An immediate consequence of Theorem 3.1(ii) of Ch. XV of Hochschild's book "The structure of Lie groups" is that in such a Lie group, maximal compact subgroups meet every connected component (and are all conjugate to each other by part (iii)). So your question thereby reduces to the case of compact Lie groups.

Consider a compact Lie group $K$, and let $T$ be a maximal torus in $K$. I claim that the normalizer $N_K(T)$ (whose identity component is $T$) maps onto $\pi_0(K)$, so we could then replace $K$ with $N_K(T)$ to reduce to the case when $K^0$ is a torus. To prove the claim, for any $\gamma \in \pi_0(K)$ and $k \in K$ lifting $\gamma$, the conjugate $kTk^{-1}$ is a maximal torus in $K^0$, so it is $K^0$-conjugate to $T$. That enables us to change $k$ by left multiplication against an element of $K^0$ so that $kTk^{-1}=T$, thereby verifying that $N_K(T) \rightarrow \pi_0(K)$ is surjective.

Now we may assume $K^0$ is a torus $T$, so we seek to show that if $G$ is an extension of a finite group $\Gamma$ by a torus $T$ then $G$ contains a finite subgroup mapping onto $\Gamma$. Since $T$ is commutative, it is a $\Gamma$-module via $G$-conjugation on $T$ (since $G/T = \Gamma$). This enables us to define ${\rm{H}}^2(\Gamma, T)$, and the isomorphism class of $G$ as an extension of $\Gamma$ by $T$ is classified by a class in this cohomology group (with $T$ encoding the analytic structure on $G$). Since this cohomology group is killed by the size $n$ of $\Gamma$, we see that ${\rm{H}}^2(\Gamma, T[n]) \rightarrow {\rm{H}}^2(\Gamma, T)$ is surjective (consider the $\Gamma$-cohomology sequence attached to the exact sequence $1 \rightarrow T[n] \rightarrow T \stackrel{n}{\rightarrow} T \rightarrow 1$). Hence, we get a finite group $E$ that is an extension of $\Gamma$ by $T[n]$ such that its pushout along the inclusion $T[n] \rightarrow T$ is $G$. That identifies $E$ as a finite subgroup of $G$ mapping onto $\Gamma = \pi_0(G)$.

QED

**EDIT**: I should also note that the analogue for linear algebraic groups is much more elementary to prove insofar as it avoids the hard work on maximal compact subgroups in the presence of disconnectedness, and perhaps this suffices for the motivating application (which was not explained much in the question posted). Namely, if $G$ is a linear algebraic group over a field $F$ of characteristic 0 then we claim there is a finite $F$-subgroup in $G$ that meets all connected components of $G_{\overline{F}}$. Indeed, if $T$ is a maximal $F$-torus in $G$ then $N_G(T)$ maps onto the finite etale $F$-group $G/G^0$ by a calculation with $\overline{F}$-points exactly as in the compact case above, so we reduce to the case when $G^0$ is a torus.

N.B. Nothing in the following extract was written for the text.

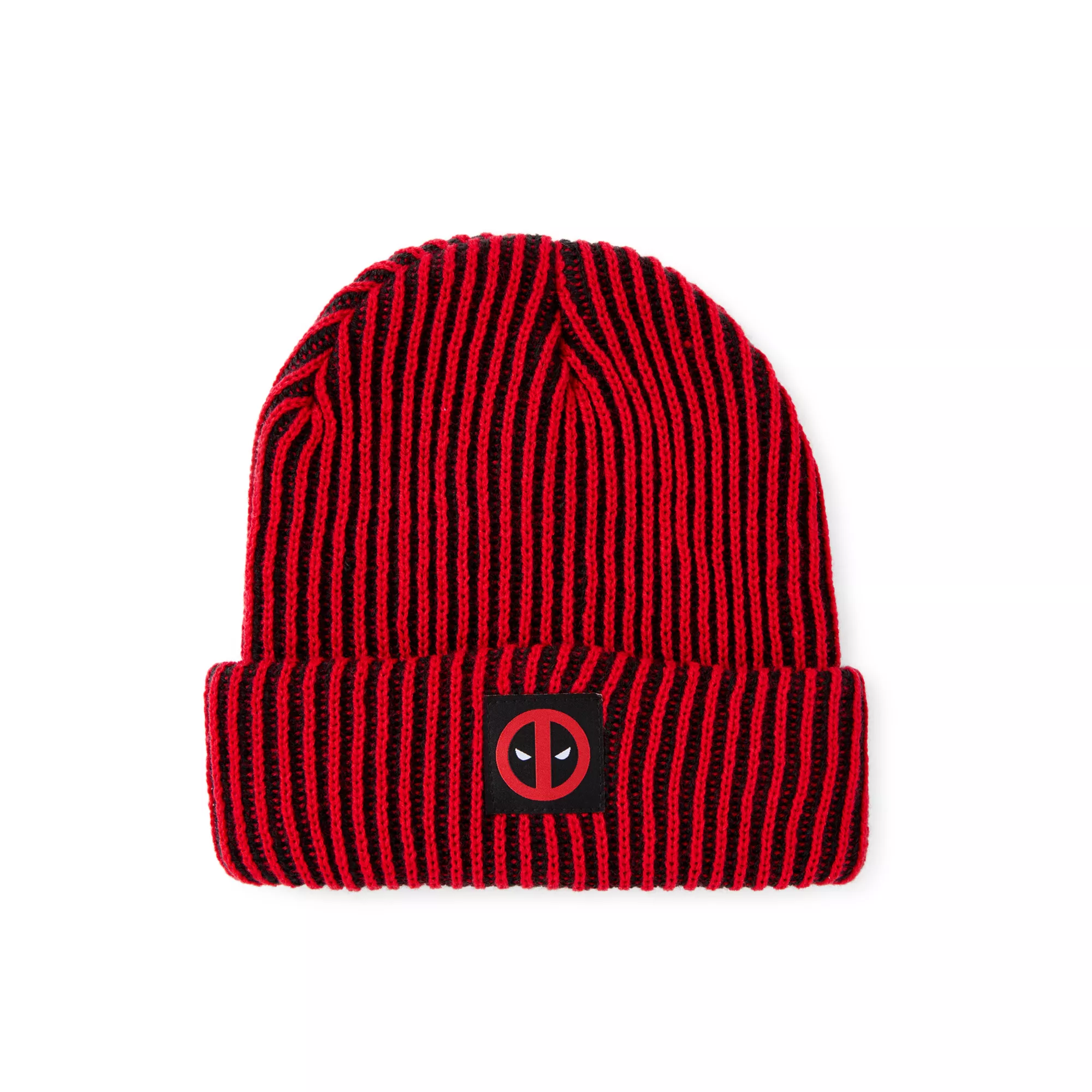 Deadpool Patch Ribbed Cuff Beanie Hat at Spencer's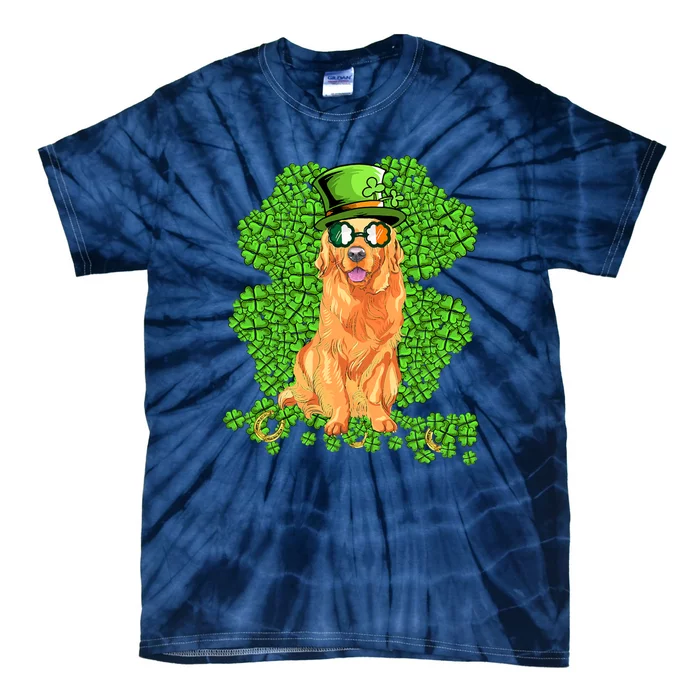 Funny St Patricks Day Golden Retriever Dog Cute Shamrock Tie-Dye T-Shirt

If $F$ is algebraically closed then we can carry out the degree-2 group cohomology argument as in the compact case above to conclude. For general $F$ we can proceed similarly by working with the abelian category of $\Gamma$-modules for the etale topology on the category of finite type $F$-schemes, with $\Gamma$ a finite $F$-group, and considering the sheafified "standard cochain" complex for such $\Gamma$.